This has been called “the heyday of hedge fund activism,”1 and it is certainly true that today boards of directors must constantly be vigilant to the many and varied ways in which activist investors can approach a target. Commencing a proxy fight long has been an activist tactic, but it is now being used in a different way. Some hedge funds are engaging in proxy fights in order to exercise direct influence or control over the board’s decision-making as opposed to clearing the way for a takeover of the target company or seeking a stock buyback. In some cases, multiple hedge funds acting in parallel purchase enough target shares to hold a voting bloc adequate to elect their director nominees to the board. A recent Delaware case addressed a situation in which a board resisted a threat from hedge funds acting together in this manner. The court determined that a shareholder rights plan, or poison pill, could, in certain circumstances, be an appropriate response. As a general matter, boards of directors facing activist share accumulations and threats of board takeovers can take comfort in this latest affirmation of the respect accorded to an independent board’s informed business judgment.

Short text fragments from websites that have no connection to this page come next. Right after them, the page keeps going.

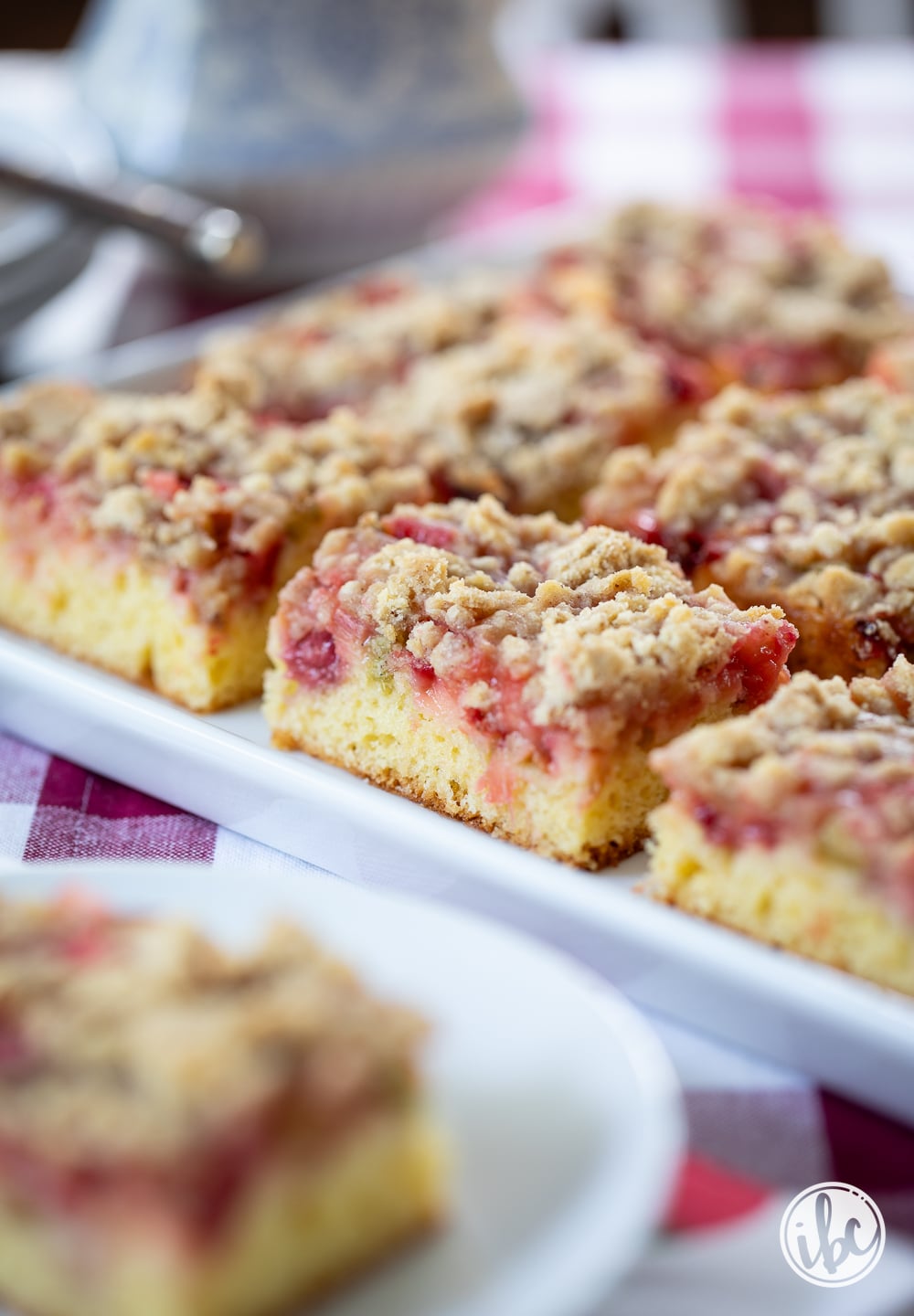 white platter with Strawberry Rhubarb Cake Bars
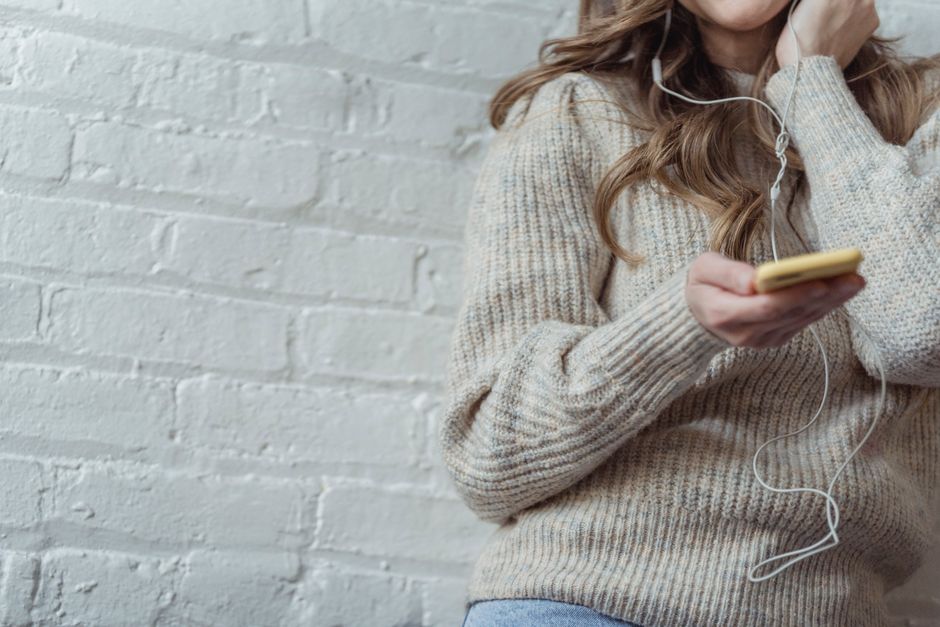 pexels-6954219 person creating playlists on phone with headphones cozy home lifestyle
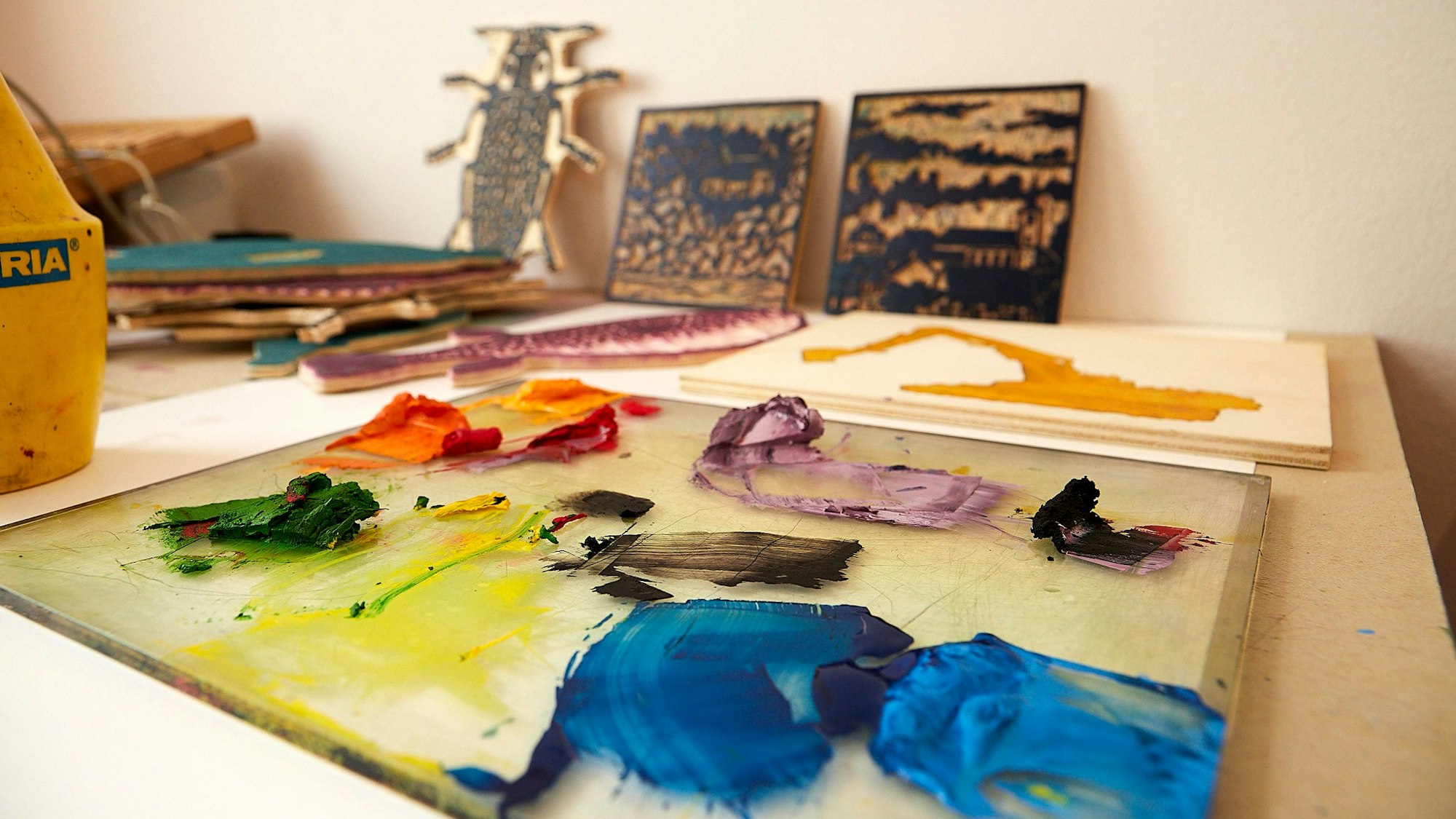 Ein kleines Druckatelier: Auf einem Tiisch liegen farbige Probedrucke.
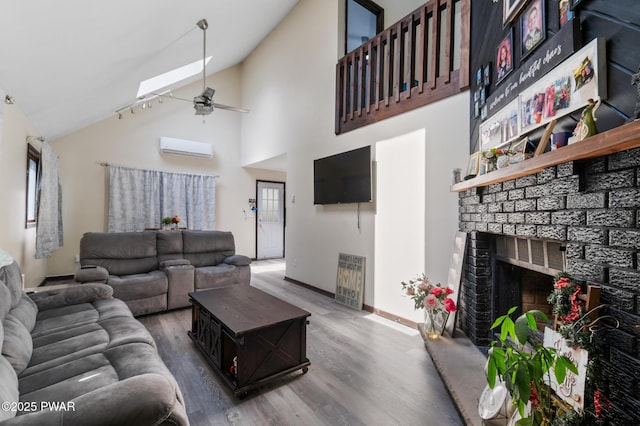 1267 Brookfield Rd, Lake Ariel, PA 18436 - living area with a ceiling fan, wood finished floors, a wall mounted AC, baseboards, and a fireplace with raised hearth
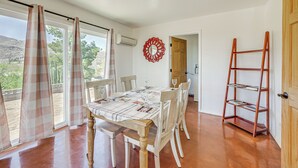 A dining area with a table set for four, a wooden chair, a red decorative wall piece, and a wooden ladder shelf.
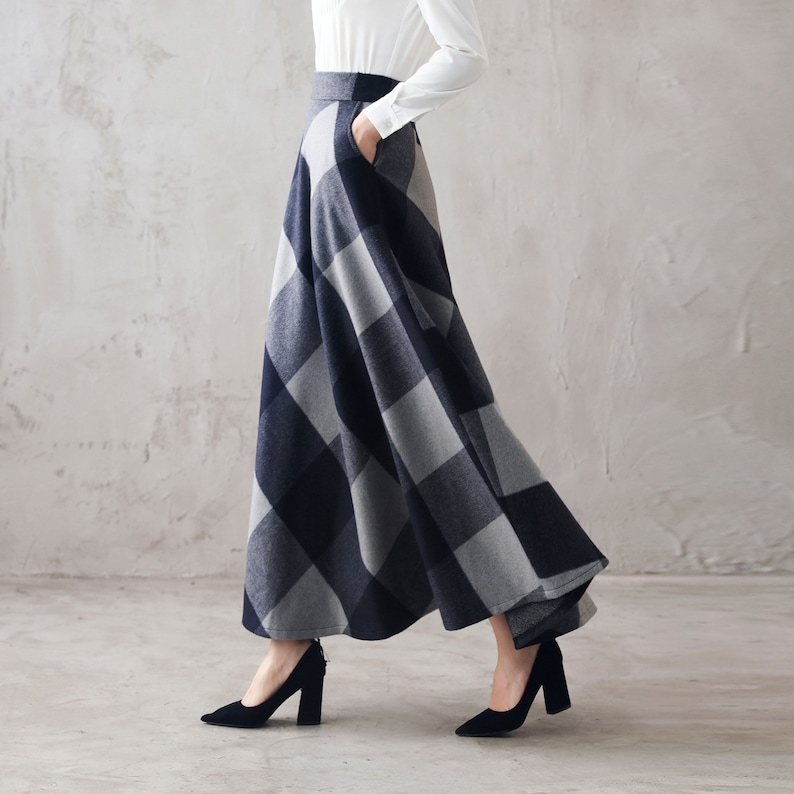 May include: A long, flowing skirt with a black and gray plaid pattern. The skirt is made of a soft, comfortable fabric and has a flattering A-line silhouette.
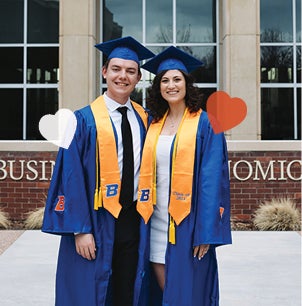 drew and kaitlyn in their graduation caps and gowns in the plaza at the Micron Business and Economics Building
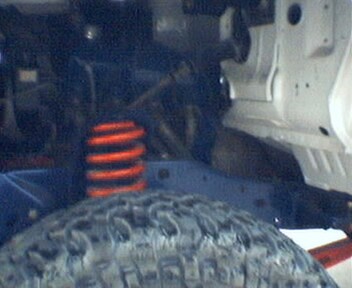 1981 Ford Bronco - This image shows a close-up view of a vehicle's suspension system, including a coil spring and a tire.
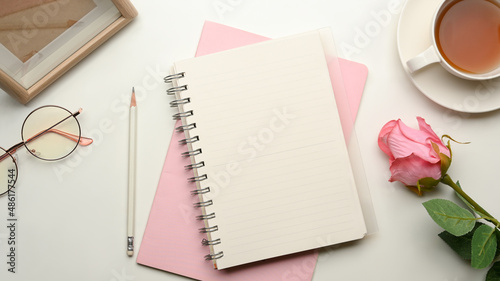 Beautiful feminine female office desk with empty notebook cover mockup photo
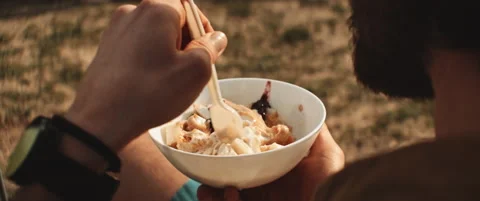 Close up of men with beard eating joghurt and fruits from a bowl Stock Footage 203584646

Similarly, hostile takeovers are not new, but the tactics being used by today’s activist investors in their approaches to corporate targets are unprecedented. Boards are facing carefully crafted attacks that exploit (or seek to exploit) legal loopholes and take advantage of the climate of corporate governance that has led to the dismantling of many takeover defenses. Boards should be forewarned and forearmed as they pursue their plans for long-term value creation in the current, precarious environment that clearly favors the activist investor.